Wnioski końcowe i rekomendacje
Raport NIK wskazuje, że:
● procedury konkursowe stosowane przez NFOŚiGW nie gwarantowały wyboru inwestycji najbardziej uzasadnionych ekonomicznie,
● NFOŚiGW powinien poprawić metody mierzenia efektów ekologicznych, w kolejnych konkursach – podwyższyć wskaźnik oszczędności energii, jeśli chodzi o zapotrzebowanie na ciepło po przeprowadzeniu termomodernizacji,
● należałoby również dokonać zmian w regulaminach konkursów, tak by preferowane były technologie bardziej innowacyjne, takie jak zastosowanie automatyki, pomp cieplnych czy nowoczesnych systemów poboru energii; to wprawdzie wymagałoby większych nakładów finansowych na etapie inwestycji, jednak ich efekty byłyby trwalsze, a oszczędności długofalowe.
NIK zaproponowała także:
● usprawnienie procedur rozpatrywania wniosków o dofinansowanie inwestycji. Wskazała przy tym, że w latach 2010–2012 od złożenia wniosku do podpisania umowy mijało od siedmiu miesięcy do półtora roku. Długotrwałość postępowań spowodowana była wymaganiem przez NFOŚiGW zbyt obszernej dokumentacji na etapie składania wniosków przez beneficjentów.

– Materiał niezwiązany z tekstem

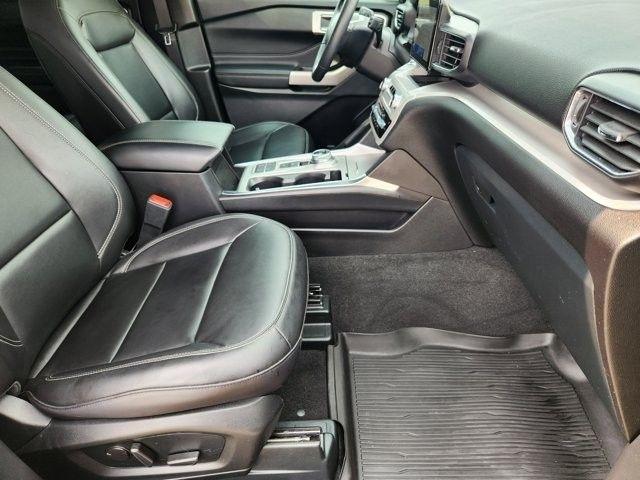 Ford Explorer XLT 2024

NIK: Trudno określić skalę oszczędności
NIK podczas kontroli stwierdziła, że nie można określić skali rzeczywistych oszczędności, gdyż brakuje miarodajnego sposobu pomiaru. W opracowanych audytach energetycznych danymi wyjściowymi dla planowanych oszczędności kosztów eksploatacyjnych były dane dotyczące obliczeniowego zużycia energii do ogrzewania budynku i podgrzania ciepłej wody użytkowej (obliczane zgodnie z algorytmem zawartym w rozporządzeniu ministra infrastruktury z dnia 17 marca 2009 r. w sprawie szczegółowego zakresu i form audytu energetycznego oraz części audytu remontowego, wzorów kart audytów, a także algorytmu oceny opłacalności przedsięwzięcia termomodernizacyjnego).